PubNub incident

Errors and Latency Across All Services in our US-East and US-West Points of Presence

Minor Resolved View vendor source →

PubNub experienced a minor incident on December 11, 2024 affecting Publish/Subscribe Service and Website and 1 more component, lasting 18m. The incident has been resolved; the full update timeline is below.

Started
Dec 11, 2024, 10:04 PM UTC
Resolved
Dec 11, 2024, 10:22 PM UTC
Duration
18m
Detected by Pingoru
Dec 11, 2024, 10:04 PM UTC

Affected components

Publish/Subscribe ServiceWebsiteFunctions ServiceNorth America Points of PresenceStorage and Playback ServiceAdministration PortalVaultStream Controller ServiceSDK DocumentationKey Value store

Update timeline

  1. investigating Dec 11, 2024, 10:04 PM UTC

    We are currently investigating an issue that is causing requests in our US-East points-of-presence to fail or respond slowly.

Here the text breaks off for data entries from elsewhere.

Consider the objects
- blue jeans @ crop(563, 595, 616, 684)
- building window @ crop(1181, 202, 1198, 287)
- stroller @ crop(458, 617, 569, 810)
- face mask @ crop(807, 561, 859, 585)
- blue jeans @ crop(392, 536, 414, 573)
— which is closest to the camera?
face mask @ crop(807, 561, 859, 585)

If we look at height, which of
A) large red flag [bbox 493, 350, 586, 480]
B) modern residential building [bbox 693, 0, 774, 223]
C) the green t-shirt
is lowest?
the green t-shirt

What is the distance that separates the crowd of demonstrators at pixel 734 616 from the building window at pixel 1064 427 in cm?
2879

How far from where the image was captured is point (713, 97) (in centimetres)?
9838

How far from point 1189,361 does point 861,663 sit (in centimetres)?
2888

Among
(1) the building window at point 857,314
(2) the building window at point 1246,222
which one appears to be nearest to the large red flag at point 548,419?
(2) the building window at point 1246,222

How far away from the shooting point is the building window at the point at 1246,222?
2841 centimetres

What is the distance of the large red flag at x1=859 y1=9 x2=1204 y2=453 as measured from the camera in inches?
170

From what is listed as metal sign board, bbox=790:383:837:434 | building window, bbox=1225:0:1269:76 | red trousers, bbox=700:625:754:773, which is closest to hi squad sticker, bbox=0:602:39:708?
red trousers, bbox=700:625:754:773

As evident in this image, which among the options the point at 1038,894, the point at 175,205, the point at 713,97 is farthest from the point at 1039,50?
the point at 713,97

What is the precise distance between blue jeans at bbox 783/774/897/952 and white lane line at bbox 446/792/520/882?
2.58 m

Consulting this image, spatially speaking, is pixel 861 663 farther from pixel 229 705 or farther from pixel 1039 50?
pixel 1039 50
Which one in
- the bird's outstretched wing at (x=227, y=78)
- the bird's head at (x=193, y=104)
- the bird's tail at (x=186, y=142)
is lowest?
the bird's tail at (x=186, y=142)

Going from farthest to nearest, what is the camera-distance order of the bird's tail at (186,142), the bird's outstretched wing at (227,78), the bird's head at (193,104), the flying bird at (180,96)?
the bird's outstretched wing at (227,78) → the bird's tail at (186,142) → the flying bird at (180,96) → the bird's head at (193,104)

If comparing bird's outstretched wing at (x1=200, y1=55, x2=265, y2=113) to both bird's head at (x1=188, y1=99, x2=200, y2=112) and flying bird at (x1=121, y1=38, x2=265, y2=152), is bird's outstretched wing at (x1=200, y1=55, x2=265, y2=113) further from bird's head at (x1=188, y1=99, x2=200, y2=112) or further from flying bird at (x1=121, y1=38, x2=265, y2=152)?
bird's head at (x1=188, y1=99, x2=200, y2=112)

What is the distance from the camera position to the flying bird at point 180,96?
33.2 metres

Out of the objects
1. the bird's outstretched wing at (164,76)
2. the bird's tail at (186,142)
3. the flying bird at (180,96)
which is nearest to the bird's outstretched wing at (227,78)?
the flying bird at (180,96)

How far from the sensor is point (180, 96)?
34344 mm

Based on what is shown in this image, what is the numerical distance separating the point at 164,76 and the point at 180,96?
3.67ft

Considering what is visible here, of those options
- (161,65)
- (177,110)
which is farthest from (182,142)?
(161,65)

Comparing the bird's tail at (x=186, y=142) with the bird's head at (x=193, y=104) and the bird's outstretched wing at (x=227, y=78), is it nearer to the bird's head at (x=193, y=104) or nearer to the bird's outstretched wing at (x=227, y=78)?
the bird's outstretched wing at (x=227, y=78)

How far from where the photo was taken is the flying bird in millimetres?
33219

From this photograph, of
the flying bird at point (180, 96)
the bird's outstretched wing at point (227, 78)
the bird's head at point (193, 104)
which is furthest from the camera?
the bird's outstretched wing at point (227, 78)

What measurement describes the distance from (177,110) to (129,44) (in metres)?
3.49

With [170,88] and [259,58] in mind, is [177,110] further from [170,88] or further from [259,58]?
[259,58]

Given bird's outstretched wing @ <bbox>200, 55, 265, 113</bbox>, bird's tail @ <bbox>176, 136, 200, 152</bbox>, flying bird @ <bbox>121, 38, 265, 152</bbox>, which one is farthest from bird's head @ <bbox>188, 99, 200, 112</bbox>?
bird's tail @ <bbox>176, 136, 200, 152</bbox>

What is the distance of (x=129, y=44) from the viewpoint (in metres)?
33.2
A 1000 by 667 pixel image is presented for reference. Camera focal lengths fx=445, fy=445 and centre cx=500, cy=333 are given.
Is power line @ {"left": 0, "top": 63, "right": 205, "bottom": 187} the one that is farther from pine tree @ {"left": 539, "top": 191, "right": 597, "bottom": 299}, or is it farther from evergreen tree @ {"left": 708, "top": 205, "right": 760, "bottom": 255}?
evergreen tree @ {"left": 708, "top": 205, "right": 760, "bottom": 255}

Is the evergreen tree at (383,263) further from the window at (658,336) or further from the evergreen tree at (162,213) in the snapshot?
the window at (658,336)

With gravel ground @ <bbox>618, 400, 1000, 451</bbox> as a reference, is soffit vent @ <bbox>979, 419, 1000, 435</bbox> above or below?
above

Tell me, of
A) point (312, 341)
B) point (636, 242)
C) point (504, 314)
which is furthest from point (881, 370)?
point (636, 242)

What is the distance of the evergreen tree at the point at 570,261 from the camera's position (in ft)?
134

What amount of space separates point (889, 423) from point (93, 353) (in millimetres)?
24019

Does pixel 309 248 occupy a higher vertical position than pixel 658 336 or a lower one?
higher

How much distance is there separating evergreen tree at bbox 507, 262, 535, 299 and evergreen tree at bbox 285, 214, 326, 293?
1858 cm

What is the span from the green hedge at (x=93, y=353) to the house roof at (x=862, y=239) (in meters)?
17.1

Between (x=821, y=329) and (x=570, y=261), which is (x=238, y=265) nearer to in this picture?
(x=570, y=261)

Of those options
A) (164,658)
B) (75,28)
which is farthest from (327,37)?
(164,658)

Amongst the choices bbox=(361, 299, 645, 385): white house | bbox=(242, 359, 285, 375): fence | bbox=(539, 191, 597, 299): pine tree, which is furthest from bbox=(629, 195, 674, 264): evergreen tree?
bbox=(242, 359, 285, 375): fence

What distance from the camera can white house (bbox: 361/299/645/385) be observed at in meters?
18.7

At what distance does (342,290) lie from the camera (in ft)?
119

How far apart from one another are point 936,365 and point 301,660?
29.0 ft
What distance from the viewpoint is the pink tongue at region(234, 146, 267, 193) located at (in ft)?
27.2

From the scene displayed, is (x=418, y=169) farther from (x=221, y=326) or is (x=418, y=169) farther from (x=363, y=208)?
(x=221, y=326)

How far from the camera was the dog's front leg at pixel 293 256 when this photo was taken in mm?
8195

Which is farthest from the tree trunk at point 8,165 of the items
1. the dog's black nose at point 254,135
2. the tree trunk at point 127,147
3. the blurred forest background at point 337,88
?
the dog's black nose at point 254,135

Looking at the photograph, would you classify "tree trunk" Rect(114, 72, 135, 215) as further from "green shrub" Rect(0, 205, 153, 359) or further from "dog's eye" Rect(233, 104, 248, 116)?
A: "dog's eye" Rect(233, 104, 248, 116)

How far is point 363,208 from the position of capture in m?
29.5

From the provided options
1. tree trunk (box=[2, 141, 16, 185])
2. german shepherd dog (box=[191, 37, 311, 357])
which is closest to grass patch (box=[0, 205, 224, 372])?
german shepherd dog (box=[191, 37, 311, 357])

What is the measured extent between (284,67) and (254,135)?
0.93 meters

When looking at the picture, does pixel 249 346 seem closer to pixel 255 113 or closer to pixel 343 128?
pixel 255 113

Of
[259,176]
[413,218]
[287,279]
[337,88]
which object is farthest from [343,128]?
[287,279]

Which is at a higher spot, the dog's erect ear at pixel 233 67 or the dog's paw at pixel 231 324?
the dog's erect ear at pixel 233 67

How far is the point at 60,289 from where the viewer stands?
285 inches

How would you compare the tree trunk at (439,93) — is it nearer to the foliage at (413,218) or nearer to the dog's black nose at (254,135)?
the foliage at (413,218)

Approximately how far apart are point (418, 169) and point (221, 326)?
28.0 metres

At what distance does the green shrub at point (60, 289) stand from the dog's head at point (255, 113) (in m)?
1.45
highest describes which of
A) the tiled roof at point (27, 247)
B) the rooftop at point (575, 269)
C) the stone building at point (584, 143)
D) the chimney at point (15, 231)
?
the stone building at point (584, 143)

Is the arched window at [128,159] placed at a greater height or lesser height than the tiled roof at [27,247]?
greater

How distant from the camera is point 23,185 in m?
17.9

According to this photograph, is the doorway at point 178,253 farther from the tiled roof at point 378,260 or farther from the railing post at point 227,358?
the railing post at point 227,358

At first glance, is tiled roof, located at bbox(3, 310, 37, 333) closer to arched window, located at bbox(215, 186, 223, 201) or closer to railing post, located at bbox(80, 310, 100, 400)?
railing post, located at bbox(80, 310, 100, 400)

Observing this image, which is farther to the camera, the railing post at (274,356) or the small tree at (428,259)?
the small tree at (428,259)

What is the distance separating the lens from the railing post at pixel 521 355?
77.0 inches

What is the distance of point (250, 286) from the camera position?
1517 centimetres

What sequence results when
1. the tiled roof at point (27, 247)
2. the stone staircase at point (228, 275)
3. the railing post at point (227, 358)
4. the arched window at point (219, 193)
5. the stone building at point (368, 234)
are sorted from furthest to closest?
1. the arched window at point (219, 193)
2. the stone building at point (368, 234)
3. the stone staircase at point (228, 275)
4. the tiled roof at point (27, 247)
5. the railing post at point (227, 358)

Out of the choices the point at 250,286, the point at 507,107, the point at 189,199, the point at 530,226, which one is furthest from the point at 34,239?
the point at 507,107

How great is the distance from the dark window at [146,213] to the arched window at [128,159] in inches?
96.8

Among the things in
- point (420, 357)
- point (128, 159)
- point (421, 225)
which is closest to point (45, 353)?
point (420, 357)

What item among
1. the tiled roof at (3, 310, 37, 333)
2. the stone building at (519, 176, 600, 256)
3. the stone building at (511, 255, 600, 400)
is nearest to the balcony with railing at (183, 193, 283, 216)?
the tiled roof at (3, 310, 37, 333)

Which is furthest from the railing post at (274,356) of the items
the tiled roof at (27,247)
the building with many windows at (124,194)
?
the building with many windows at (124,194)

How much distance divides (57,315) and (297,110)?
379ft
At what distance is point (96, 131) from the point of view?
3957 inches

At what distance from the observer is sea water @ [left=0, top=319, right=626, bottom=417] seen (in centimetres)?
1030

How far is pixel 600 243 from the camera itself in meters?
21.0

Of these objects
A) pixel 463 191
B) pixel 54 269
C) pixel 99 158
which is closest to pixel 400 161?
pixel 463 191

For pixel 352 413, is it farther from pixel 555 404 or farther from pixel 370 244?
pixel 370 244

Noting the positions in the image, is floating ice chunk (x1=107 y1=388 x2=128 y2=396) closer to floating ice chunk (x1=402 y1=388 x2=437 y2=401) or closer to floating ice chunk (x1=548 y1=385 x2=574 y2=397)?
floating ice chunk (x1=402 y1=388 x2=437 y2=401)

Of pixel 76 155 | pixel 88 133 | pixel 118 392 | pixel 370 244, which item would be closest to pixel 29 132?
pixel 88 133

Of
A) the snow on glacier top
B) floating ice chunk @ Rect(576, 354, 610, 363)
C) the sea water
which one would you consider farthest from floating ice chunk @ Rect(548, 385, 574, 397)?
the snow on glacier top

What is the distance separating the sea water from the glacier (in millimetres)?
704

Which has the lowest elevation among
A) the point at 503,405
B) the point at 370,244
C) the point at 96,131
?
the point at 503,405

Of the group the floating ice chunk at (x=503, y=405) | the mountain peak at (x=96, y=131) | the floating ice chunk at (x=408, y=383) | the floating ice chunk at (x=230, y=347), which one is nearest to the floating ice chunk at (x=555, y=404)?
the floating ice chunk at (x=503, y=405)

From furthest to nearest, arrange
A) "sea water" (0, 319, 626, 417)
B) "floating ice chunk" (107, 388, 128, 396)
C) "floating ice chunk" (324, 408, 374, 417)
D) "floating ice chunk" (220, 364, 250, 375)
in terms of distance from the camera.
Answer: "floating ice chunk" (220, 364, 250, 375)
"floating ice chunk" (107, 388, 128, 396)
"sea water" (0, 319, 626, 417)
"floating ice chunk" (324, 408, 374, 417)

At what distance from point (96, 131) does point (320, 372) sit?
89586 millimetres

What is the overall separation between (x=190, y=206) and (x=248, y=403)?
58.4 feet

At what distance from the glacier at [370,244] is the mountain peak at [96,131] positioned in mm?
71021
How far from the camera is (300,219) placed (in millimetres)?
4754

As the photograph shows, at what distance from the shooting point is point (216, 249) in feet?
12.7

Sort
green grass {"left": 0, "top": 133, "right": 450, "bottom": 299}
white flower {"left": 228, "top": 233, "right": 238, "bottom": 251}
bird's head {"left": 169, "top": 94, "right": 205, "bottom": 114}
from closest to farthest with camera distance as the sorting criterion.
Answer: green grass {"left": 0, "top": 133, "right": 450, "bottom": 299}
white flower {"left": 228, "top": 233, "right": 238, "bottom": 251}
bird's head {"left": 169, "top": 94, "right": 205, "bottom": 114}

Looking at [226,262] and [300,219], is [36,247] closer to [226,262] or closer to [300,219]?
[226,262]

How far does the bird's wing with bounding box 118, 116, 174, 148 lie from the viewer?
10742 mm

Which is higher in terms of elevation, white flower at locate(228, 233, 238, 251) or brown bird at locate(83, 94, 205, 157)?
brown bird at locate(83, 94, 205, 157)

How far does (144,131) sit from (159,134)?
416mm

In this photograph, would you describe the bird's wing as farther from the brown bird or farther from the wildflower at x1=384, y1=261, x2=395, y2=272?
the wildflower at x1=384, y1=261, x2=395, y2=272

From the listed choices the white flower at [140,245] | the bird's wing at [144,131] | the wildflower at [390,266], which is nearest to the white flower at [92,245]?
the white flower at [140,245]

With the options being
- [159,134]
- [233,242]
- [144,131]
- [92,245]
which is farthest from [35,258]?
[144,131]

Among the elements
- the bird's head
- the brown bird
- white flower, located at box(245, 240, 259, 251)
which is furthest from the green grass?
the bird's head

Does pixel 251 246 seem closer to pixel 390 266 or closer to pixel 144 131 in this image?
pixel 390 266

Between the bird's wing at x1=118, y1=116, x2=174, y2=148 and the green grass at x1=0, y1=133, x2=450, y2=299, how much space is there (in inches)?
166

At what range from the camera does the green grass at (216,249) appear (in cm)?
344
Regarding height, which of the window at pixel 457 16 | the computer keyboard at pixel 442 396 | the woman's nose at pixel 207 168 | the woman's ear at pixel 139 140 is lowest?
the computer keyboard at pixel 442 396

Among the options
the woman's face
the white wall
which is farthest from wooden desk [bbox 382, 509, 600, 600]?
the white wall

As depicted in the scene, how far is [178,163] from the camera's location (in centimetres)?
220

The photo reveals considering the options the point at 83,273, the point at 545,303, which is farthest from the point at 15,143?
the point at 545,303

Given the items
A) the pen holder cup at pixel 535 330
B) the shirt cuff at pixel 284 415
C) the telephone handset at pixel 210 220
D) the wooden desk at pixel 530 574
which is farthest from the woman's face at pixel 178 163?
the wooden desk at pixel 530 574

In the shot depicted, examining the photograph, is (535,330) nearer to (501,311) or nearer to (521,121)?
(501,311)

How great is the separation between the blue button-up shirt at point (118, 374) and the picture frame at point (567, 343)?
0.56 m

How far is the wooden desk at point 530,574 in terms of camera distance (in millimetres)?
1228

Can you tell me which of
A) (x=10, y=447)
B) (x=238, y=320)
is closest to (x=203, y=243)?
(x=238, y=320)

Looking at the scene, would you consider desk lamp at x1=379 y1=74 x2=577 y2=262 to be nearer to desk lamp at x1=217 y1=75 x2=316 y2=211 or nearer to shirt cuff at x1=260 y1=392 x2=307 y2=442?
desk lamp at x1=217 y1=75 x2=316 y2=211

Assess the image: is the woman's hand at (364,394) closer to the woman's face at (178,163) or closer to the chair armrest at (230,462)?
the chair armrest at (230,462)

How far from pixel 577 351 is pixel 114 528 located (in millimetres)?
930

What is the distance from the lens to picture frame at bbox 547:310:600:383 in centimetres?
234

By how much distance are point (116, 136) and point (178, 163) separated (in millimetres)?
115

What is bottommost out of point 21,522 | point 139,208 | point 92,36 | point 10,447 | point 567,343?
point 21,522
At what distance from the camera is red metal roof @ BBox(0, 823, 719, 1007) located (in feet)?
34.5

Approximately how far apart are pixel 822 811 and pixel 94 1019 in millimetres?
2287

  2. monitoring Dec 11, 2024, 10:10 PM UTC

    A fix has been implemented and we are monitoring the results.

  3. resolved Dec 11, 2024, 10:22 PM UTC

    This incident has been resolved. We apologize for any impact this may have had on your service. Don't hesitate to contact us by reaching out to PubNub Support ([email protected]) if you wish to discuss the impact on your service. An RCA will be provided soon.

  4. postmortem Dec 16, 2024, 05:26 AM UTC

    ### **Problem Description, Impact, and Resolution** At 21:50 UTC on 2024-12-11 we observed increased latencies and error rates across all services in our US-East point-of-presence and, a few minutes later, in US-West as well. We observed that the PubNub Access Manager \(PAM\) was at the center of the degradation, and an investigation noted that nodes in that service were highly memory constrained. We increased capacity and the issue was mitigated in both points-of-presence at 22:10 UTC, and declared resolved at 22:22 UTC. This issue occurred because a previously unseen pattern of customer behavior overwhelmed a cache in the PAM system, causing memory to become constrained and performance to degrade. ### **Mitigation Steps and Recommended Future Preventative Measures** To prevent a similar issue from occurring in the future we changed the cache capacity and updated our monitoring to alert on this and similar patterns of behavior.